Diana Navarro

16 de marzo de 2013

El tren.

¡CHU-CHUUUU! ¡CHU-CHUUUU!
Era el sonido que acompañaba las puestas de Sol de mi infancia.


De Lunes a Domingo, cuando las manecillas del reloj se aproximaban a las 6 de la tarde y las aves comenzaban a volar hacia el oeste, yo era la niña más feliz del mundo.

Daba un brinco y salía de la casa hacia las vías para ver cómo corría el tren.
Venía de sur a norte. Venía y se iba.
Era ruidoso, y a veces lento.
Y cuando se detenía, los adultos se molestaban. Yo nunca entendí por qué, a mí me parecía que se detenía y me modelaba sus grandes vagones y la humarola que sacaba.

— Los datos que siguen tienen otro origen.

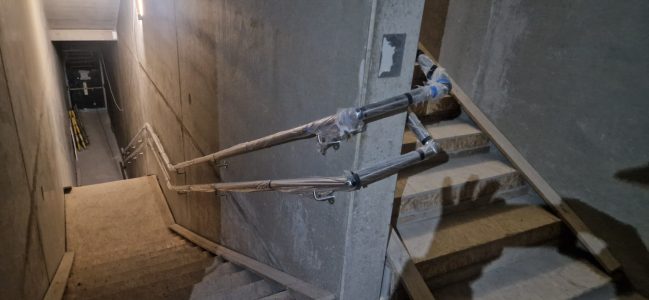 Įvairaus tipo turėklai laukui, patalpoms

"¿De dónde vendrá?..¿A dónde irá?" Me preguntaba siempre para mí misma.
Y el no obtener respuesta era lo que me satisfacía, pues estaba segura que sabiéndolo perdería un poco de su magia (He de decir que soy una persona que cree en la magia).

Y así todos los días los rieles se disponían a dejar desfilar los vagones y yo me disponía a sentarme sobre la barda que fungía como mi guarida. El tren era para mí el misterio y el tesoro de las 5:30 de la tarde.